Thursday, September 29, 2005

[tech4all] Visualizing Web 2.0


Dion Hinchcliffe's Web 2.0 Blog wrote:
 

I try to describe Web 2.0 as a term given to a natural emergence of related events, rather than some artificially imposed vision. I think that's a very true and crucially important aspect of Web 2.0.

It's now so clear that people are suddenly shifting their attention en masse to the Web for their computing needs. That is, instead of installing and maintaining a bunch of rapidly aging and non-integrated bits onto their personal computers.

People are finding that Web 2.0 places like Flickr, or Voo2do, and especially del.icio.us are terribly useful because they're always available, whenever they need it, anywhere they go, with their information.

And then there's the added value factor of putting your information into a highly social place. It becomes much, much more useful. People can leverage it, add value to it with comments, tagging, aggregation, bookmarking it, and so on. Your information, if you want, becomes part of the scene.

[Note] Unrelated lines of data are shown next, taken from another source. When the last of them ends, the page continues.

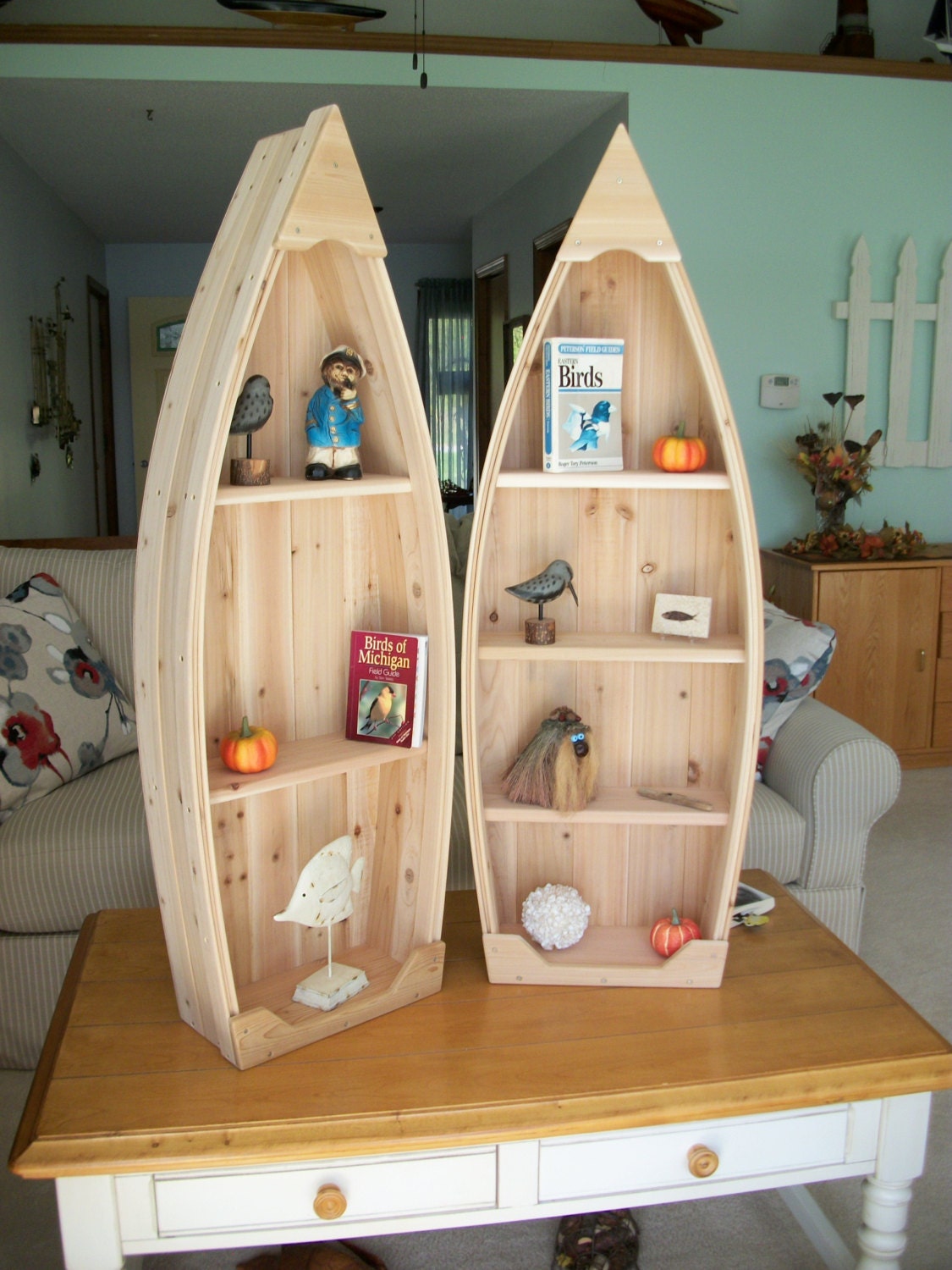 4 foot unfinished row boat shelf bookcase bookshelf hand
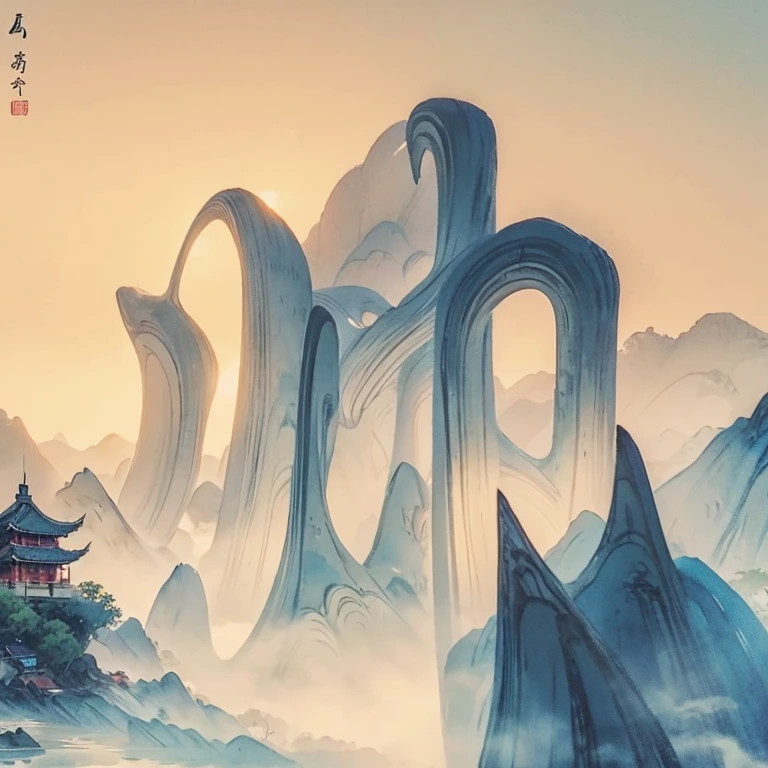 Mountain painting with a pagoda on a small island, chinese watercolor style, chinese painting style, digital painting of a pagoda, Chinese landscape, traditional Chinese watercolor painting, Chinese-style painting, Japan Art Style, Highly detailed watercolor 8k, highly detailed water colour 8 k, detailed painting 4 k, author：Hero, Japanese painting, author：Qu Leile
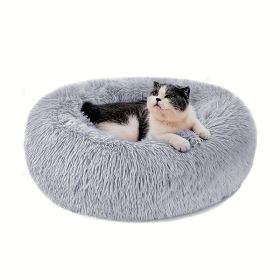 Non-Slip Dog Or Cat Beds Multiple Sizes, Calming Pet Beds For Indoor Cat Kennel Bed Pet Sofa, Round Cushion Cuddler Puppy Sofa, Machine Washable (Option: Lightgray50cm)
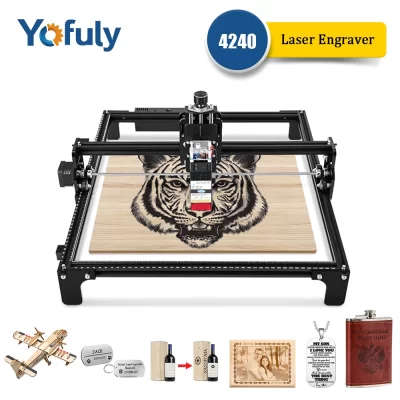 Yofuly-CNC Máquina de Gravura a Laser, 40W, 420*400mm Área de Gravação, Todo o Alumínio, Gravador de Aço Inoxidável, Madeira, Acrílico
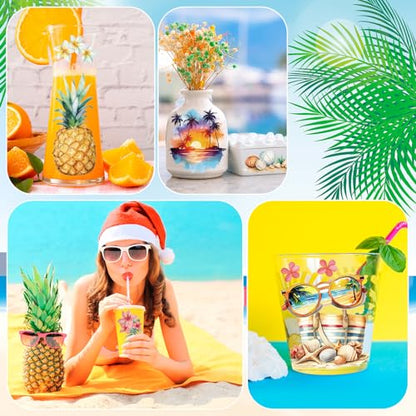 Dispowreath 16 Pcs Summer Hawaii Rub on Transfer Travel, 6x6 Ocean - style: Summer Travel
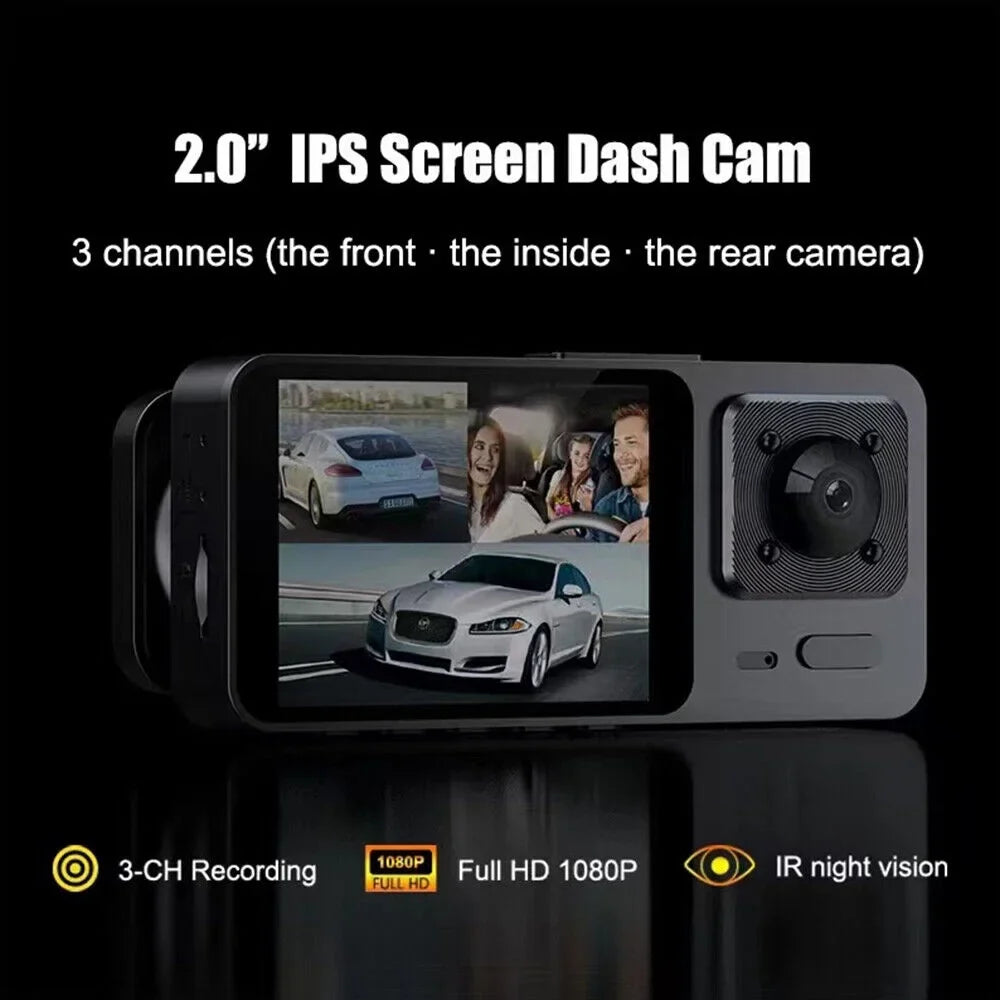 JLLOM 1080P 3 Lens HD Dual Lens Car Dash Cam Front/Rear/Inside Video Recorder Camera G-sensor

And with Web 2.0 apps, you still maintain control of your data. You haven't lost it at all, you've really just put it in context.

Yes, so Web 2.0 is such an engaging, lively, and useful place when compared to computing alone.

However, I still struggle to explain the Web 2.0 to my fellow technologists. It's hard to understand all the Web 2.0 forces and the way that they actually seem to fit together so nicely.

Web 2.0 is so much more than Google supplanting Microsoft with services that replace traditional software and just exchanging one market leader for another.

So I'm working on yet another visualization of Web 2.0. It's not the O'Reilly meme-map, it is a more traditional, concrete diagram of Web 2.0 that shows the people facing side and the content and services. And what's inside them.

It's not complete, or necessarily 100% correct. But it's a start. Please comment or change it, I'd like to get this right. And help more people understand Web 2.0.
 
I'm submitting this post to Technosight's Blogoposum 1 on Communicating Web 2.0, please participate if you can.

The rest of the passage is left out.